В 1925 году, работая над вариантом первого издания «Моей жизни в искусстве» на русском языке, Станиславский передал экземпляр рукописи для ознакомления Немировичу-Данченко. Тогда Немирович-Данченко сделал свои пометки на рукописи Станиславского и на отдельных приложенных листочках: замечания, советы и пожелания дополнить текст. Это обстоятельство слегка перемешало в книге их взгляды. Немирович-Данченко стал редактором воспоминаний Станиславского в нескольких принципиальных местах рукописи, где можно ставить вопрос о разделении лавров или ошибок. Станиславский принял его замечания и с помощью своего рабочего редактора Л. Я. Гуревич внес некоторые поправки, а иногда и впрямую ввел текст, предложенный Немировичем-Данченко.
В частности, в связи с чеховскими спектаклями Немирович-Данченко и обвинил Станиславского в описании прошлого {82} с высоты нынешнего опыта: «О Чехове написано прекрасно, но все это (282 – 288[11]), что Константину Сергеевичу теперь так ясно и глубоко осознано, пришло далеко не сразу. Пожалуй, только к “Вишневому саду”. А раньше, даже во время постановки, во время участия в постановках и создания режиссерских планов, К. С. не имел этого багажа». Написанное Станиславским Немирович-Данченко посчитал недостаточным для истории «Чайки». Он предложил ему добавить следующее: «Чтоб Чехов нашел свой театр, нужно было такое необыкновенное сочетание такого театрального человека-писателя, драматурга и учителя театральной молодежи, — как я;
такого свободного от театральных штампов режиссера, такого мастера создавать на сцене настроения, заданные поэтом, — как Константин Сергеевич;
художника-декоратора из группы самых близких душе Чехова передвижников, как Симов;
и актерской молодежи, воспитанной на современной беллетристике».
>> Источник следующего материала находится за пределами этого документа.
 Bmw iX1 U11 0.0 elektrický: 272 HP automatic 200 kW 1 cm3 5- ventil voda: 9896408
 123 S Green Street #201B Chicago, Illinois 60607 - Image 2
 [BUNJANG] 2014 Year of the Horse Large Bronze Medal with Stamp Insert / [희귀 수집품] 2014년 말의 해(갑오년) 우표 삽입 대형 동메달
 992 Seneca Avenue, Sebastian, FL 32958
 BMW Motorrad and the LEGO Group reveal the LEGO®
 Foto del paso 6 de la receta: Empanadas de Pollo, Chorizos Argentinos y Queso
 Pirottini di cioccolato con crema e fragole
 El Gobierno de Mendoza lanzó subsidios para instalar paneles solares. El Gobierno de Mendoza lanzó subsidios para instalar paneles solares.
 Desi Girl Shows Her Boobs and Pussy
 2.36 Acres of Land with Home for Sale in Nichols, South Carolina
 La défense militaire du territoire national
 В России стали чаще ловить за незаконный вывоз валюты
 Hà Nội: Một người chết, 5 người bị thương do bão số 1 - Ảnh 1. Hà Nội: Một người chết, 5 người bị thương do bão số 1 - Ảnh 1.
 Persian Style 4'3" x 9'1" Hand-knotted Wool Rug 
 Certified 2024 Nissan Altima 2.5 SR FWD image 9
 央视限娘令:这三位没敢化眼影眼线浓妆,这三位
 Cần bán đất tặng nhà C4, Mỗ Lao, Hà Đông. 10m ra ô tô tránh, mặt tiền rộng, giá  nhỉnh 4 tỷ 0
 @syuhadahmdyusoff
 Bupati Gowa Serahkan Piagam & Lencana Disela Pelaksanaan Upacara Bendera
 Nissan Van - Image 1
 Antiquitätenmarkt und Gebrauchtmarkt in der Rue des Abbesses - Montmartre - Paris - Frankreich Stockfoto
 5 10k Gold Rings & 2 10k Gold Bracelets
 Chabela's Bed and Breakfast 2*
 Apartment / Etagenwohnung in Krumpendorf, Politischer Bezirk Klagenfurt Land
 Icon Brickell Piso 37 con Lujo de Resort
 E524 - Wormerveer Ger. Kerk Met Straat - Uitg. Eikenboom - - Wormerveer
Станиславский почти дословно включил этот текст в свою книгу. Там он несколько вторгся своей фактологичностью в ход теоретических рассуждений Станиславского о силе интуиции в искусстве. Тем не менее эта мысль Немировича-Данченко, изложенная в книге Станиславского, приобрела характер классической цитаты.
Читая мемуары Немировича-Данченко «Из прошлого», Станиславский не согласился с половиной того, что там написано о «Чайке». В своем экземпляре книги он сделал об этом замечание. Его пометки (указания страниц и отчеркивания текста) настолько кратки, что смысл их надо расшифровывать. Одно видно сразу: они касаются не теории, а только фактов. Хотя Немирович-Данченко опирался на факты, помещая в текст подлинники: фрагменты своей переписки с Чеховым вокруг постановки «Чайки» — в иных местах он был не точен. Он забыл, что отсутствие на репетициях Станиславского — Тригорина не могло задерживать работу театра над «Чайкой», так как в первый период репетиций Тригориным был Адашев (Платонов), а Станиславский все еще — Дорн. Немирович-Данченко не упомянул о том, что роль Тригорина была передана Станиславскому по желанию Чехова. Не помнил, что не сразу М. П. Лилина стала репетировать Машу, а только после того, как Чехову не понравилась в этой роли Н. А. Гандурина.
{83} Станиславского задело, что, рассказывая о «черных деньках» — падении сборов со спектаклей накануне премьеры «Чайки», Немирович-Данченко приписал причину тщетным режиссерским усилиям Станиславского в неудачной постановке «Шейлока» («Венецианского купца»), не сказав о собственном провале со «Счастьем Греты».